PROBLEM =
Copy every line from the one that holds "Подшипник 6306-2RS-С3" to the end of the records below, exactly and with nothing else, but without any pictures.

Data extracted from a collection =

-.-.-

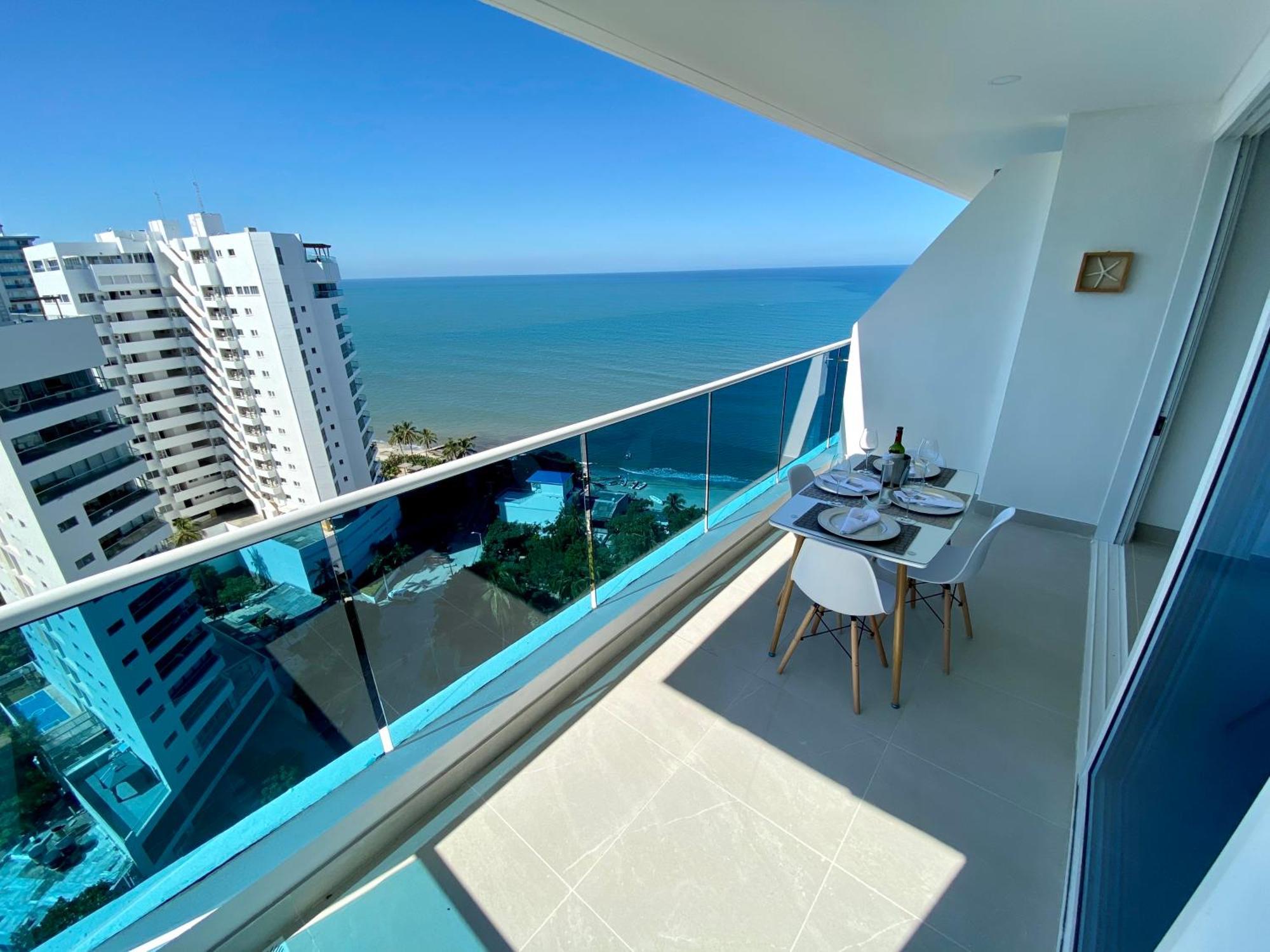 Apartamentos Reserva Del Mar - Frente Al Mar By Soho Santa Marta  Bilik gambar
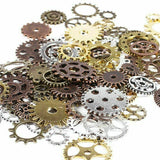 100g Mix Assorted Gears Steampunk Cogs Gears Pendants Clock Wheels Gear DIY Craf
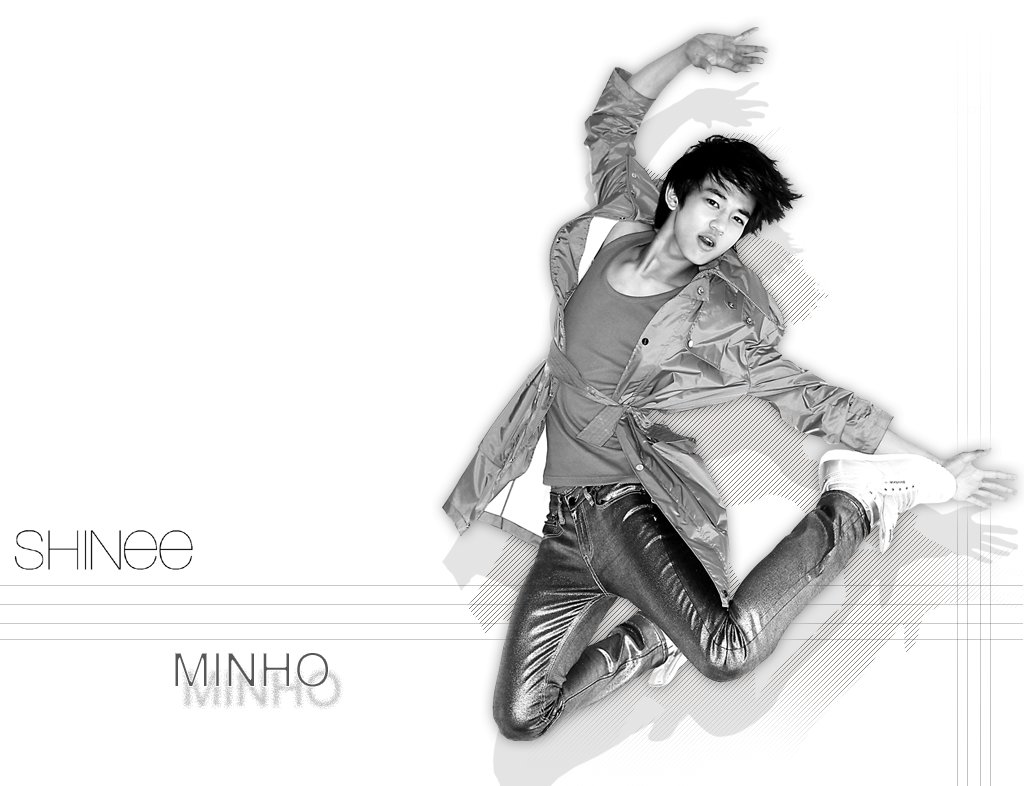 Shinee Wallpaper Minho By Browneyedfairy23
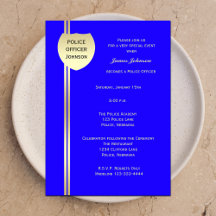 Insignia policial por invitación a graduación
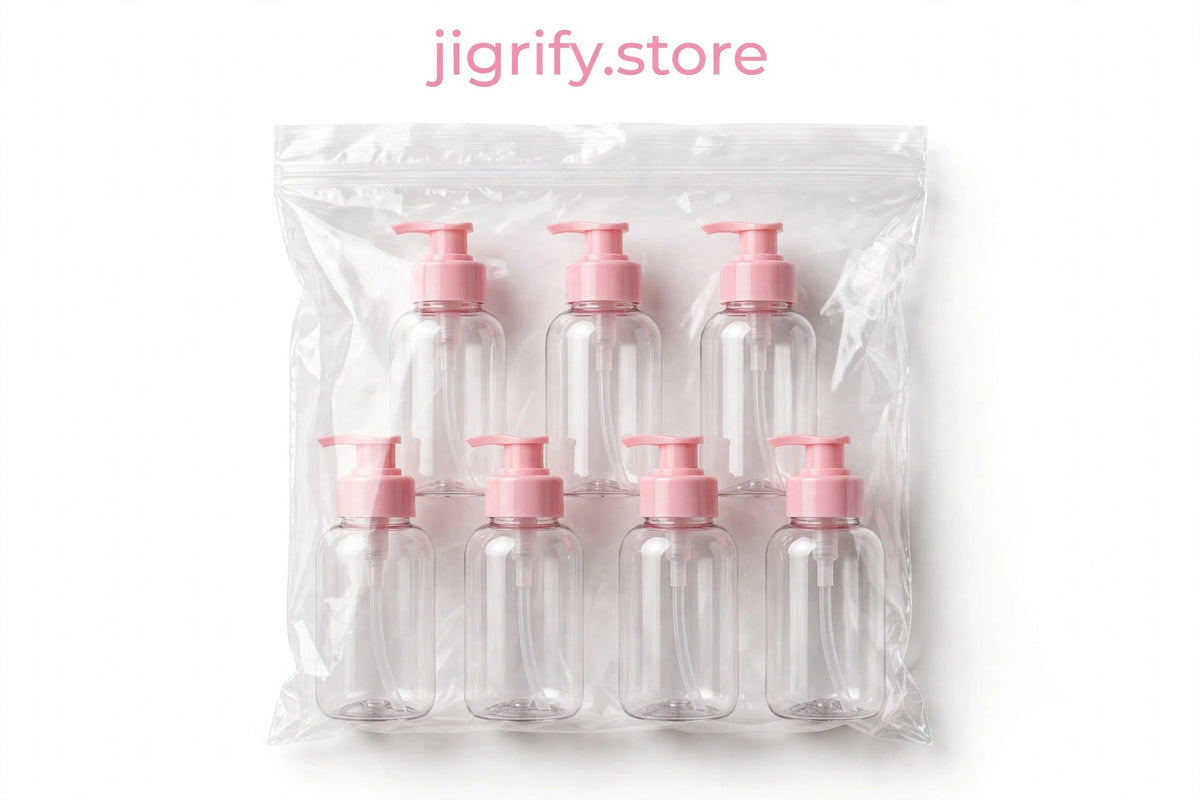 🧳 6Pcs Travel Kit Bottle Set Y-010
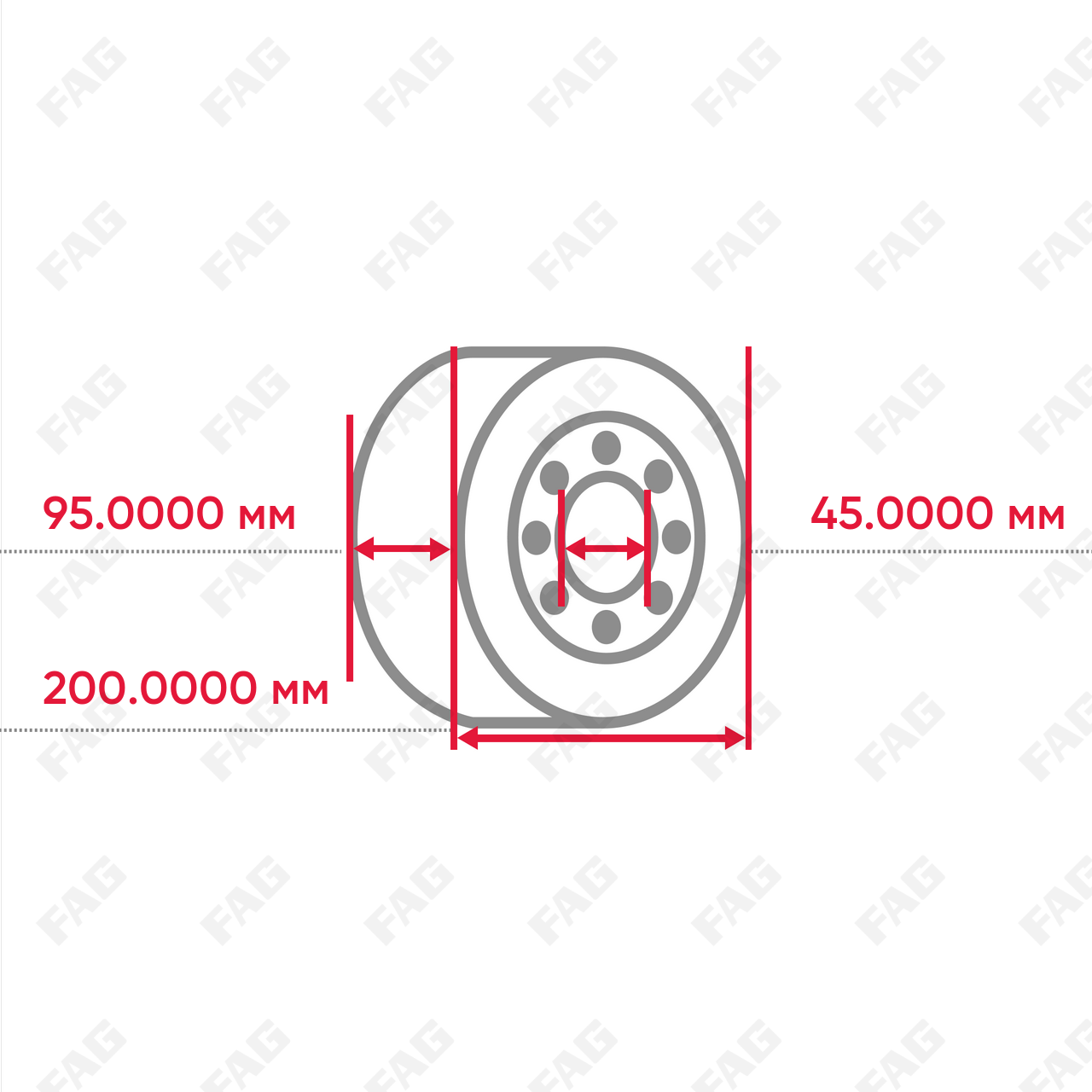 Подшипник 6306-2RS-С3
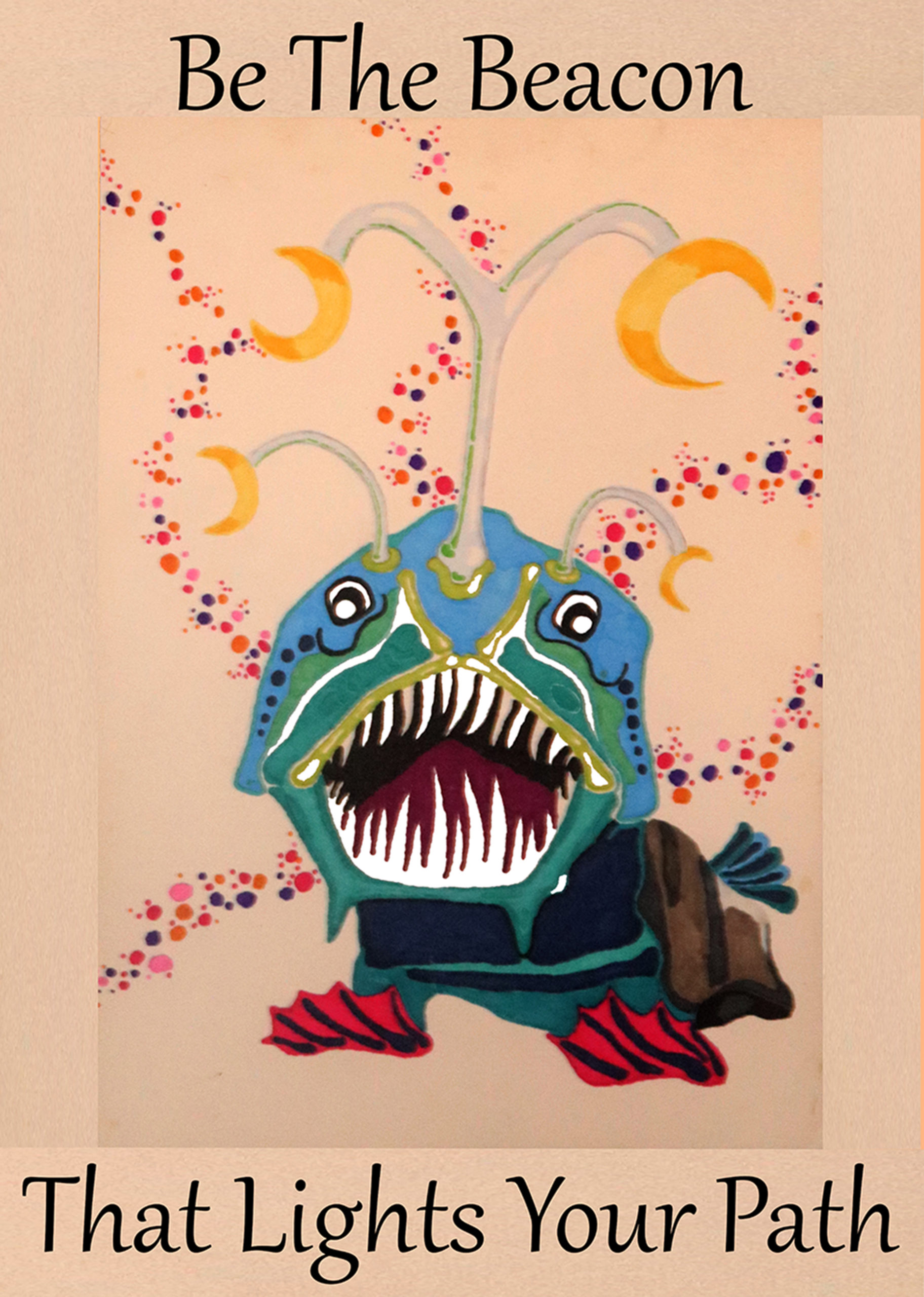 celestial angler fish print
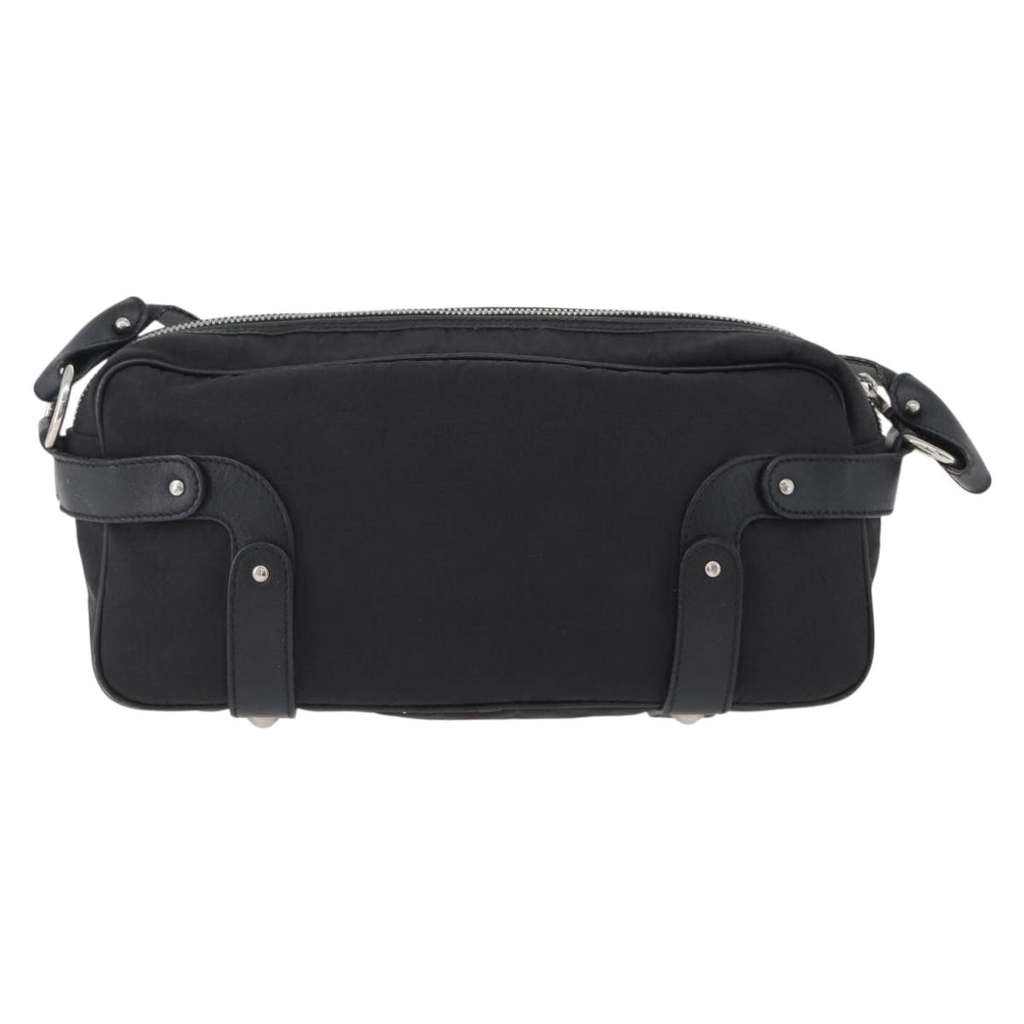 Salvatore Ferragamo Gancini Shoulder Bag Black Canvas Fair condition - Back View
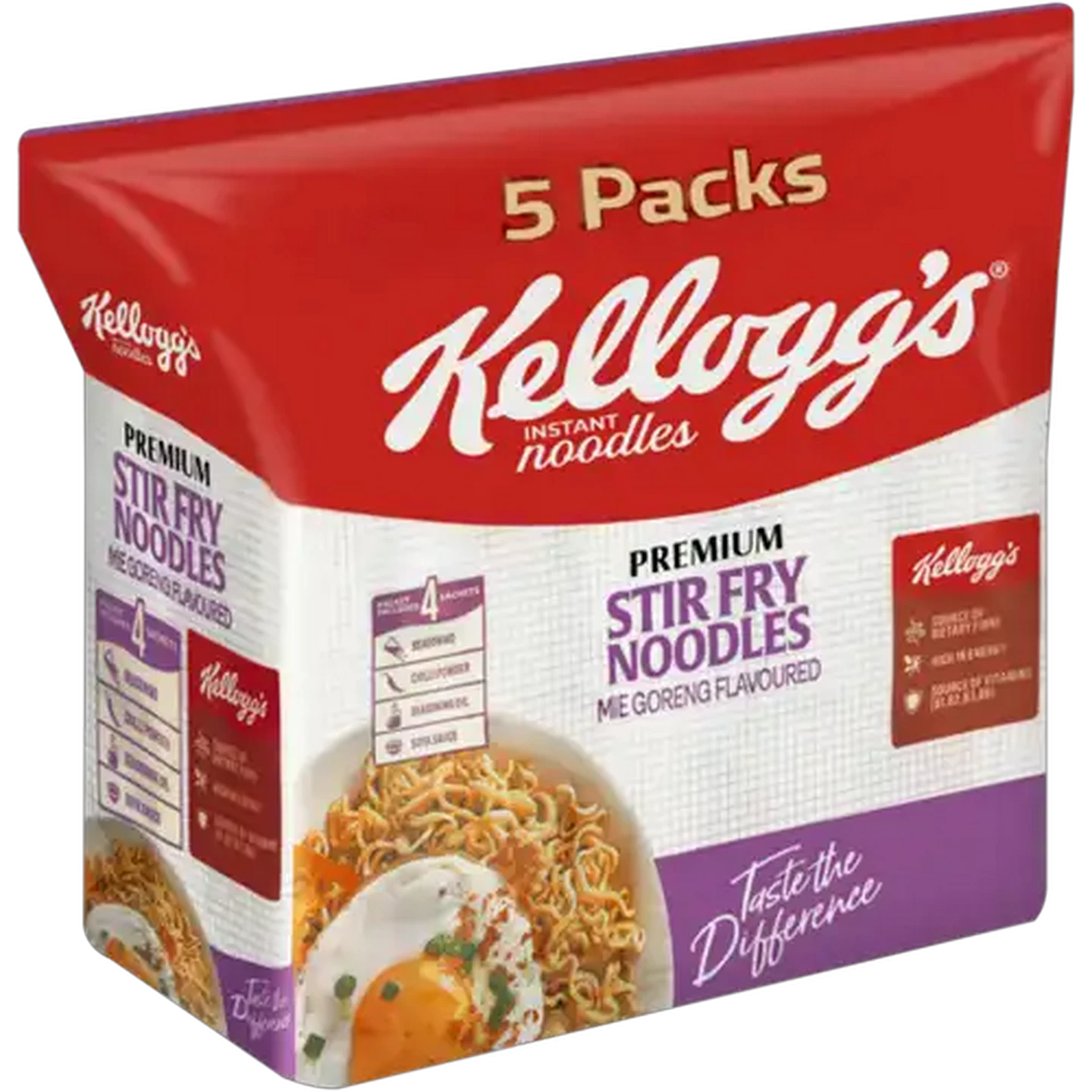 Image of Kellogg's Mie Goreng Flavoured Premium Stir Fry Noodles 5 x 80g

-.-.-

EXERCISE RESULT =
 Подшипник 6306-2RS-С3
 celestial angler fish print
 Salvatore Ferragamo Gancini Shoulder Bag Black Canvas Fair condition - Back View
 Image of Kellogg's Mie Goreng Flavoured Premium Stir Fry Noodles 5 x 80g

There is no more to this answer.